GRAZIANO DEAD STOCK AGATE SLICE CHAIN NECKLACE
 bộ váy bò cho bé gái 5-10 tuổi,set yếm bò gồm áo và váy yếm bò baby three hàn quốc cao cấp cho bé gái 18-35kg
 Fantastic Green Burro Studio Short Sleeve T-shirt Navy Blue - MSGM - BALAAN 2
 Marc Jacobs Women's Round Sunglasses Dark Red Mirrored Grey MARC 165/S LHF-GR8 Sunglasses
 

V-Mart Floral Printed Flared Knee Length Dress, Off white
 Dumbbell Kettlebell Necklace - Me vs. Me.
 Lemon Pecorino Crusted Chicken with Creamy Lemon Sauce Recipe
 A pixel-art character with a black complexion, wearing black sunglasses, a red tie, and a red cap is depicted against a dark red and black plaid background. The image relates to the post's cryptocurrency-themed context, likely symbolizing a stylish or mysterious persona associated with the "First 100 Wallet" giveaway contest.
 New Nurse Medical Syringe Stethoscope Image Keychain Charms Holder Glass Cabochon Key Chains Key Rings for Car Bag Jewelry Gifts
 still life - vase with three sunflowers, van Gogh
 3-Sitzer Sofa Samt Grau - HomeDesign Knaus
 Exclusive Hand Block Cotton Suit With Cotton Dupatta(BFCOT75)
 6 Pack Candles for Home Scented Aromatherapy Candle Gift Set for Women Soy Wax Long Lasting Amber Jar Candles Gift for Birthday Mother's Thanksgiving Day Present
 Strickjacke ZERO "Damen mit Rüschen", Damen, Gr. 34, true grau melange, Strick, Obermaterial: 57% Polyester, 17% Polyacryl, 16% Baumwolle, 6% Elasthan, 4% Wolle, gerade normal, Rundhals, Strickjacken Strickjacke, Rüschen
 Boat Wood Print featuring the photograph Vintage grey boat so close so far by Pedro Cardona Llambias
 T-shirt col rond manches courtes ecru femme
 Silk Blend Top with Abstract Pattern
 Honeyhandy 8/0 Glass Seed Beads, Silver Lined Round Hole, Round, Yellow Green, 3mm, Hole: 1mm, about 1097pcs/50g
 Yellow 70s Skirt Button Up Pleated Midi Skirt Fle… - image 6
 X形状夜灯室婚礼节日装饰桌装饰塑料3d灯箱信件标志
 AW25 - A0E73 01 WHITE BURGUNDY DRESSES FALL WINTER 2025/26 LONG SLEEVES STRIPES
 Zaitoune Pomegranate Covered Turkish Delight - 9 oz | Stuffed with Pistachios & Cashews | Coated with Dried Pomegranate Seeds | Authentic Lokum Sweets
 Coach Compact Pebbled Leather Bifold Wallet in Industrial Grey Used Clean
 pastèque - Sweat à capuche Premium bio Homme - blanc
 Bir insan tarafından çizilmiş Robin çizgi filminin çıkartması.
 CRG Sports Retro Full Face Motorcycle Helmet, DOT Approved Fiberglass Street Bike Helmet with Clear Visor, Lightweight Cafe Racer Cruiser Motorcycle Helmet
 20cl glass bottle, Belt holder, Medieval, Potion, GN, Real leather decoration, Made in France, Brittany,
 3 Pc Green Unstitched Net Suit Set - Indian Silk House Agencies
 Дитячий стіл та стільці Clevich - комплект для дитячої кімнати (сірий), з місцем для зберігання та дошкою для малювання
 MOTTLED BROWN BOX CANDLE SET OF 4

++++++

→ **WHAT TO DO**
All lines that contain the word "Yellow" should be copied from the listing.

→ **ANSWER TO THE EXERCISE**
 Honeyhandy 8/0 Glass Seed Beads, Silver Lined Round Hole, Round, Yellow Green, 3mm, Hole: 1mm, about 1097pcs/50g
 Yellow 70s Skirt Button Up Pleated Midi Skirt Fle… - image 6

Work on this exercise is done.